La mancanza di personale per le imprese lo scorso anno ha significato una perdita di 44 miliardi di Pil. Un bel macigno…

«Già, 44 miliardi di Pil potenziale che è venuto a mancare a causa dell’allungamento dei tempi di ricerca dei lavoratori da parte delle imprese».

La digitalizzazione e l’Intelligenza Artificiale possono aiutare o sono una minaccia?

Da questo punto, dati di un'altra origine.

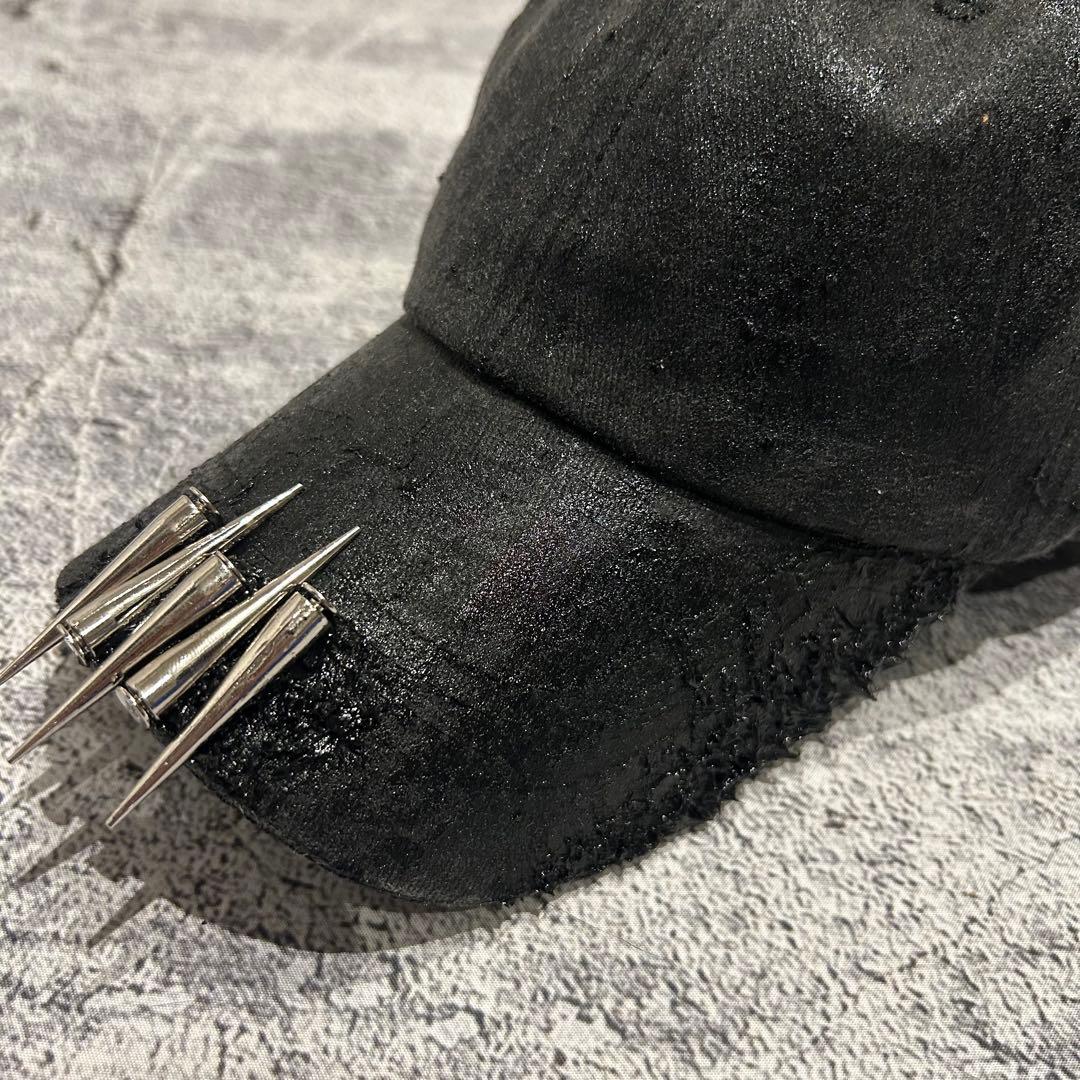 ZAIWNG - 棘 Spiky coating oil skin cap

«La digitalizzazione è un passaggio oggi indispensabile alle imprese per restare competitive sul mercato nazionale e internazionale. Le politiche europee e nazionali vanno in questa direzione e il recente piano Transizione 5.0 del governo coniuga ulteriormente la transizione digitale e quella green, indispensabile soprattutto a un paese come l’Italia ancora fortemente dipendente sotto il profilo energetico. L’Intelligenza Artificiale è la più recente frontiera di questa grande innovazione. Ha i suoi rischi, come tutte le trasformazioni, ma offre anche delle opportunità di sviluppo straordinarie. È un processo che dobbiamo affrontare e governare in tutti i suoi aspetti, anche quelli più critici. Negli ultimi mesi si è toccato spesso il tema di quale impatto l’IA avrà sul mondo del lavoro, di quali lavori sono a rischio. Ad esempio, una ricerca di Forum PA presentata a maggio mostra che il 57% dei 3,2 milioni di dipendenti pubblici italiani è altamente “esposto” all’impatto dell’IA. Questa interazione potrà tradursi in un arricchimento delle attività grazie all’apporto dell’IA, oppure in una sostituzione dei lavoratori. Ben 1,8 milioni di persone, in diverse e molteplici funzioni e posizioni lavorative, avranno a che fare con l’Intelligenza Artificiale. I nostri dati ci dicono che per il 76,8% delle imprese queste tecnologie affiancheranno il personale esistente nei propri compiti migliorandone l’efficienza, per il 68% accelereranno l’introduzione di processi di reskilling/upskilling del personale e per il 67,3% aumenteranno la produttività. Insomma, come ha detto il ministro della Pubblica amministrazione, Paolo Zangrillo, penso anch’io che non bisogna aver paura di questa evoluzione. Nasceranno nuovi lavori, altri si modificheranno progressivamente. Avevamo timori analoghi in passato, con altre trasformazioni, prima tra tutte quella relativa all’avvento delle nuove tecnologie. Ora non riusciamo a farne a meno».